# Work order:
Without the images, write out the whole listing exactly.

# Available data:
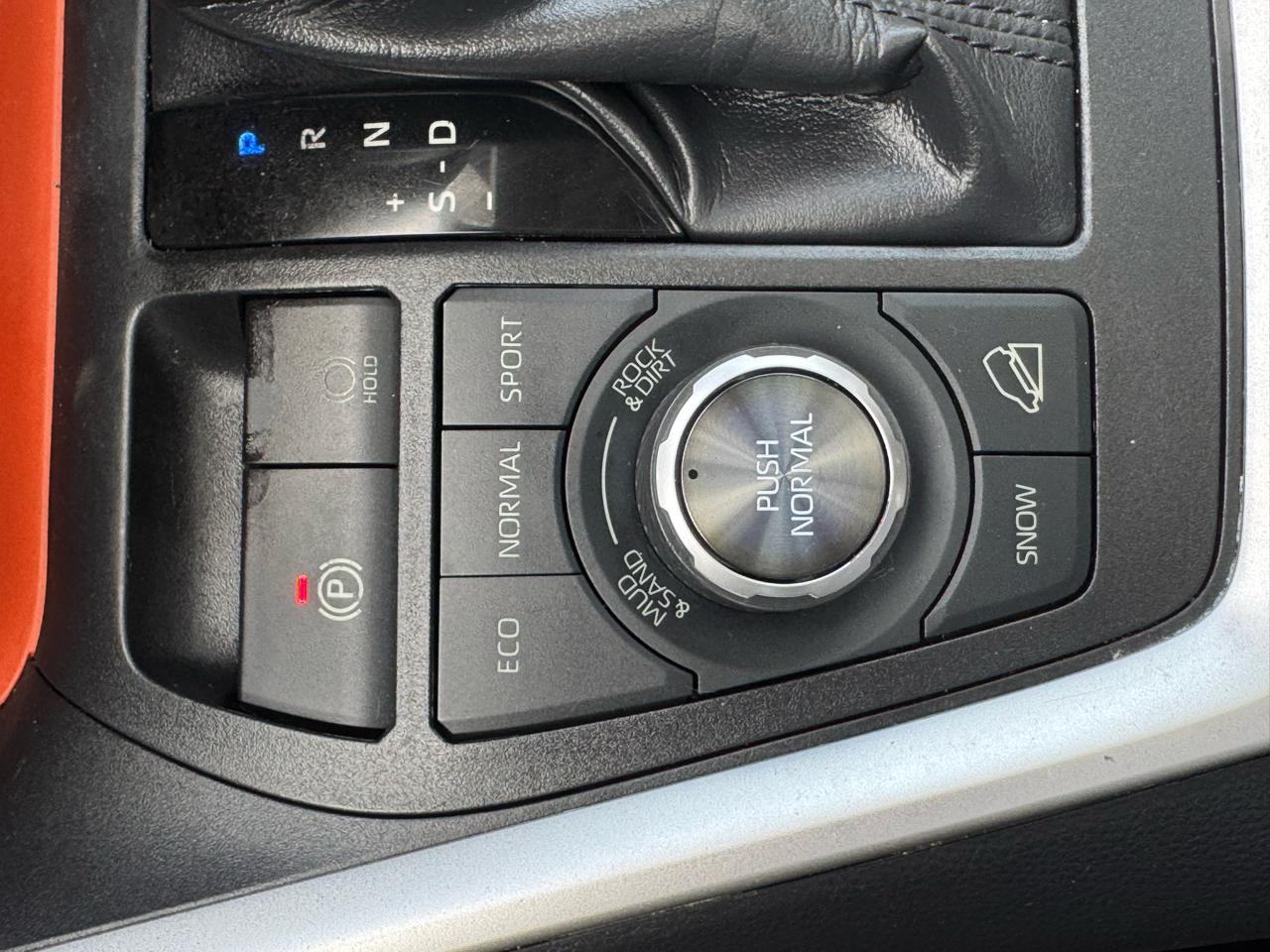Toyota RAV4 Adventure AWD 2019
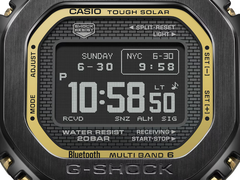 На фото - циферблат часов Casio GMW-BZ5000BD-1 на белом фоне. (Источник изображения: Casio) 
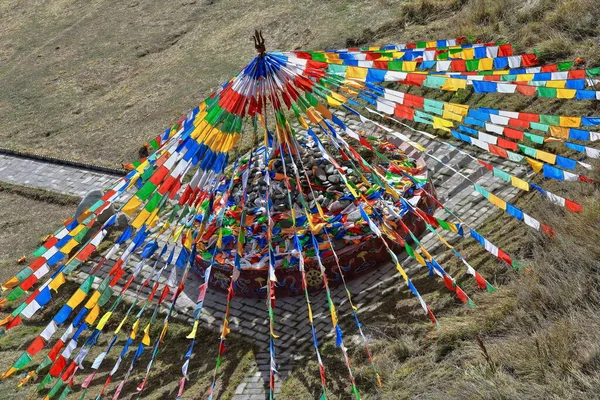 祈りのフラグテント33天窟や馬祖シリコン馬寺のプグアン寺のふもとリンソン山の崖の顔 礼拝堂の壁にしがみつくから見た チャンイエ 甘粛省中国 — ストック写真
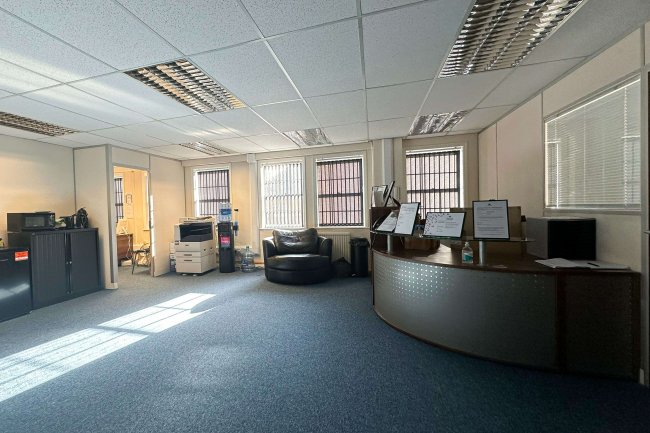 27-29 High Street, Biggleswade, Bedfordshire, SG18 0JE 10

# Result for this task:
Toyota RAV4 Adventure AWD 2019
 На фото - циферблат часов Casio GMW-BZ5000BD-1 на белом фоне. (Источник изображения: Casio) 
 祈りのフラグテント33天窟や馬祖シリコン馬寺のプグアン寺のふもとリンソン山の崖の顔 礼拝堂の壁にしがみつくから見た チャンイエ 甘粛省中国 — ストック写真
 27-29 High Street, Biggleswade, Bedfordshire, SG18 0JE 10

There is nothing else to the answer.